I was very uncomfortable with that. Liberal orthodoxy was as repugnant to me as
conservative orthodoxy.” UNQUOTE
I learned the word
“orthodox” as a child from the science fiction novel Nineteen Eighty-four, by George Orwell. After that, I’ve avoided
being orthodox, even as I leaned left. If I’m a liberal, then maybe it’s
because I read science fiction. You know that amazing inter-racial kiss on the
original Star Trek? (Kirk and Uhura) Maybe it was controversial to watchers of
the telly; but not to readers of sf. Not to me.
But here’s the
thing: I get homesick reading about the white picket fence towns in Ray
Bradbury’s Martian Chronicles, written
back in the 1940’s. If tomorrow I wrote a detective novel set in a sprawling U.S.

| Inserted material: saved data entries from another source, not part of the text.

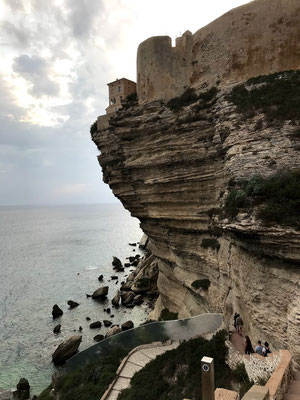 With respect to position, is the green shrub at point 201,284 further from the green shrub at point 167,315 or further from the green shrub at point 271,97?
the green shrub at point 271,97

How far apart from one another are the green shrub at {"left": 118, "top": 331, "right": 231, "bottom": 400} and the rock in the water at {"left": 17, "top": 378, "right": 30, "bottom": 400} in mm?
11763

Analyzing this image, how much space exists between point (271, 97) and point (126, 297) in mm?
32577

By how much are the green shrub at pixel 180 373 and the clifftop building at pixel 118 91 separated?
21.6 m

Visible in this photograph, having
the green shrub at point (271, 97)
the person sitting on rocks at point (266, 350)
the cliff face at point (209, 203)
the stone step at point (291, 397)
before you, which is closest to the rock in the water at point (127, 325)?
the cliff face at point (209, 203)

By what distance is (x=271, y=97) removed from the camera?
64.9ft

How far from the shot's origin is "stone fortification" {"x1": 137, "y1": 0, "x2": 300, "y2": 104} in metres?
21.4

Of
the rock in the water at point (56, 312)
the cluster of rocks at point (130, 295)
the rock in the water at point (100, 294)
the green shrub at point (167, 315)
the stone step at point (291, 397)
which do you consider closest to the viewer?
the stone step at point (291, 397)

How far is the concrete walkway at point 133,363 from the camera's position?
18.4m

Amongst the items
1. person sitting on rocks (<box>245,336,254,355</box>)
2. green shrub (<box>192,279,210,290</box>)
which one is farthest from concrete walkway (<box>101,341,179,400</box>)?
person sitting on rocks (<box>245,336,254,355</box>)

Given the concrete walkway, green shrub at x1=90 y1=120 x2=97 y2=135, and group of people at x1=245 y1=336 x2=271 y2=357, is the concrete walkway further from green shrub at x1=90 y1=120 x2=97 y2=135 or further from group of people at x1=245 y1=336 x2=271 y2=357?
green shrub at x1=90 y1=120 x2=97 y2=135

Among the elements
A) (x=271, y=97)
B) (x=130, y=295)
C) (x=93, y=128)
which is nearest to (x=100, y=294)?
(x=130, y=295)

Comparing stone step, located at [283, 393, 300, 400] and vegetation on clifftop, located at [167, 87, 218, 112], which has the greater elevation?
vegetation on clifftop, located at [167, 87, 218, 112]

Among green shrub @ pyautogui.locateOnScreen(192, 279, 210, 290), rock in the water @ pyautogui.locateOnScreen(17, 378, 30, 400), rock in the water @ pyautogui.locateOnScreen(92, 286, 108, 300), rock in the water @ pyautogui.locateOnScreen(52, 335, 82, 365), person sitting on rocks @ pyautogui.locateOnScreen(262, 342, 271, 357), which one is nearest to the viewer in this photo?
person sitting on rocks @ pyautogui.locateOnScreen(262, 342, 271, 357)

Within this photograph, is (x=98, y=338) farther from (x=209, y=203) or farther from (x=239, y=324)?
(x=239, y=324)
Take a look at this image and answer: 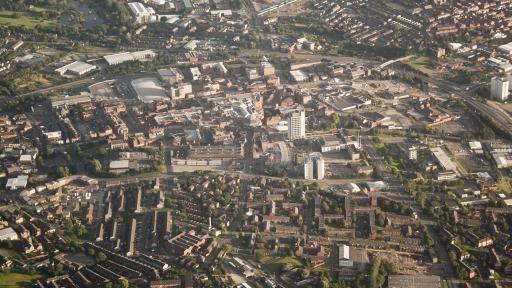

Mars colony, with gleaming hydroponic tanks, then I might include slums for my
gritty hero to walk down, but not enclaves of diversity, let alone walled
ghettos. I say: Forget diversity.
A cry of
disbelief, directed down at me from the peanut gallery: “What? —You can’t
forget diversity! (It’s so true, good and beautiful) Don’t you want to nurture
and fertilize it?”
Let the last words
be George Carlin’s, (p 158) italics his:
I used to be Irish Catholic. Now I’m an American. You know—you GROW.
Sean Crawford
October
Calgary
2016
Footnotes:
~Last Words by George Carlin
with Tony Hendra
Free Press
New York, NY
2009
Trade paperback
edition, quoted here, November 2010
A Memoir,
with Introduction
by Tony Hendra
~I think Crichton
was a guest on the PBS Charlie Rose show more times than any one else: I wish Crichton’s
estate would put the Charlie Rose interviews back on his web site…
~I wrote of
Crichton and the “politicization of science” in my essay Angry With Michael Crichton archived November 2011
I used to be uncomfortable with George Carlin's humour as it was too "real" for me when I wanted to live in denial of anything the least bit political. Politics drives me snaky. But hey, if you aren't getting any regular mail or telephone calls, just join a political party; no matter which one you join you will be sure to have regular contact with another human being. You can get a chuckle as I do when they ask for donations. I feel like I'm among the privileged rich from the tone of their invitation to donate.
ReplyDeleteThat's amusing.
ReplyDeleteSince for every political party, only less than one per cent of the membership can be a politician, there really are good ones: After all, a more sure route to riches is business or law. As a news reporter I liked the ones I met. My last MLA was so good he stayed in office although his party sank. I was not the only one tell him people voted the man, not the party.
I intent to blog soon about Eric Kierans. Too bad so few people have checked out his life story, "Remembering," so few that the library turfed it.
One day when I displayed initiative by walking into a party office on my own, they made sure I walked out with a hand-made ceramic badge.
Party membership hasn't been as popular, nor have a lot of things, since the invention of television.
Cindy, since you worked on parliament hill, I guess you would know the politicians Kierans mentions. To me the names are like hearing old hockey players: they ring a bell, but I can't say the faces or which teams.